- Pending home sales dropped to their lowest level on record in October as mortgage rates remain high.
- The decline in pending home sales exceeds the drop seen during the 2008 housing bust.
- “Mortgage rates were at their highest, and contract signings for existing homes were at their lowest in more than 20 years,” the NAR said.
Pending home sales fell in October to its lowest level on record, exceeding the decline seen during the 2008 housing collapse. since the Pending Home Sales Index was created in 2001.
The Pending Home Sales Index fell 1.5% month-over-month in October, and declined by 8.5% year-over-year as mortgage rates remained elevated and supply stayed tight.
“During October, mortgage rates were at their highest, and contract signings for existing homes were at their lowest in more than 20 years,” the National Association of Realtors’ chief economist Lawrence Yun said on Thursday.

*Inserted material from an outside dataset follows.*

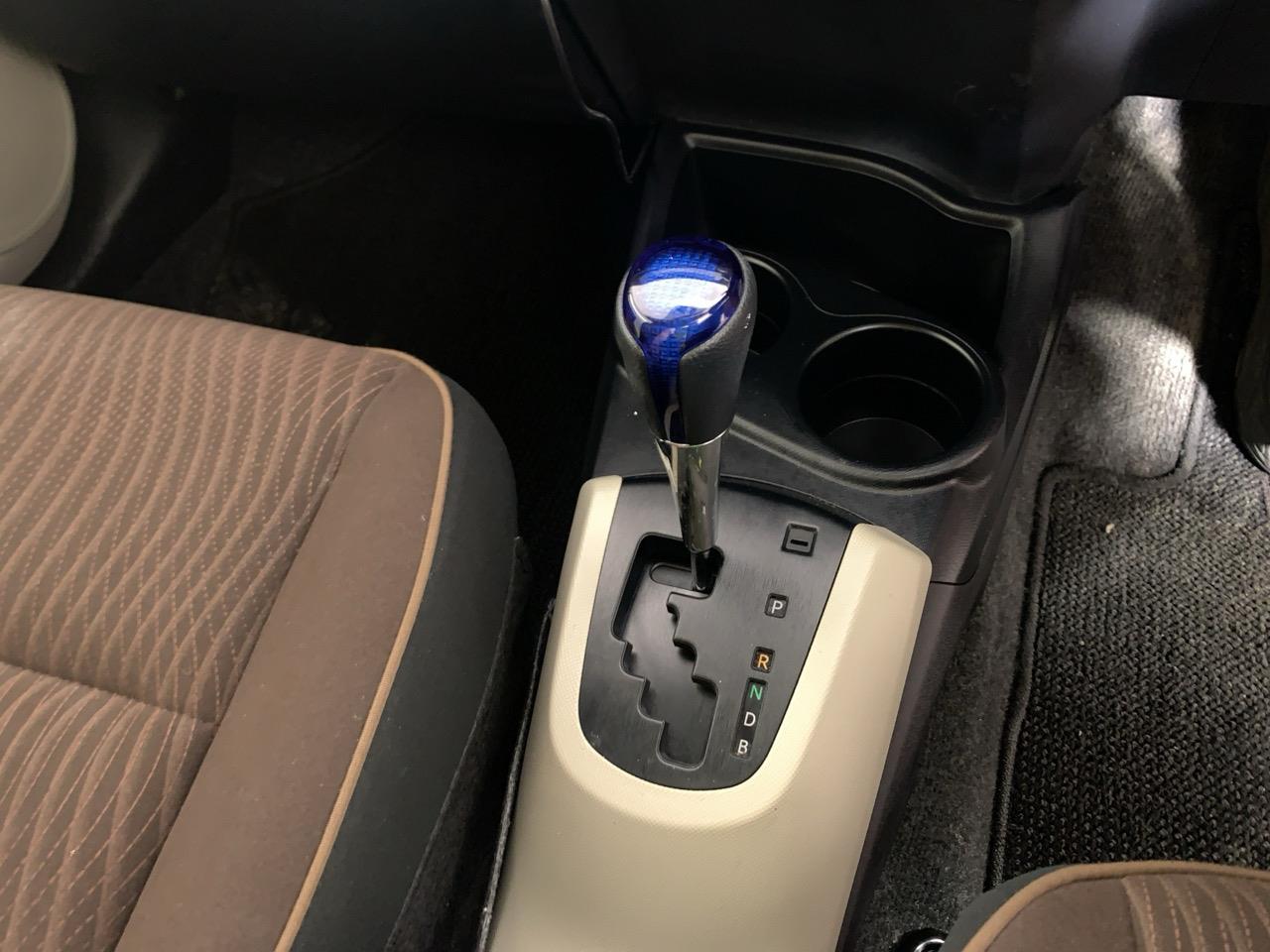 2012 Toyota Aqua S Hatchback LOW KM +  HEATED SEATS + PUSH BUTTON START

The average 30-year mortgage rate approached 8% in October, according to data from Freddie Mac. But a decline in interest rates since then has pushed mortgage rates back down to about 7.3%. That slight decline in mortgage rates should help open up the housing market, but it’s likely still not enough to completely thaw the frozen market.
“Recent weeks’ successive declines in mortgage rates will help qualify more home buyers, but limited housing inventory is significantly preventing housing demand from fully being satisfied. Multiple offers, of course, yield only one winner, with the rest left to continue their search,” Yun said.
On a regional basis, pending home sales saw a 2.7% gain int he Northeast, while monthly declines were observed throughout the rest of the country.
One sweet spot of the housing market that is seeing increased sales is homes priced above $750,000, as there is more inventory of those homes, according to Yun. Newly built home sales are also on the rise, jumping 4.5% year-to-date as homebuilders build more homes.
But those gains are not enough to satiate the demand for a large chunk of the population, much of which has been boxed out of the housing market as rates stay elevated.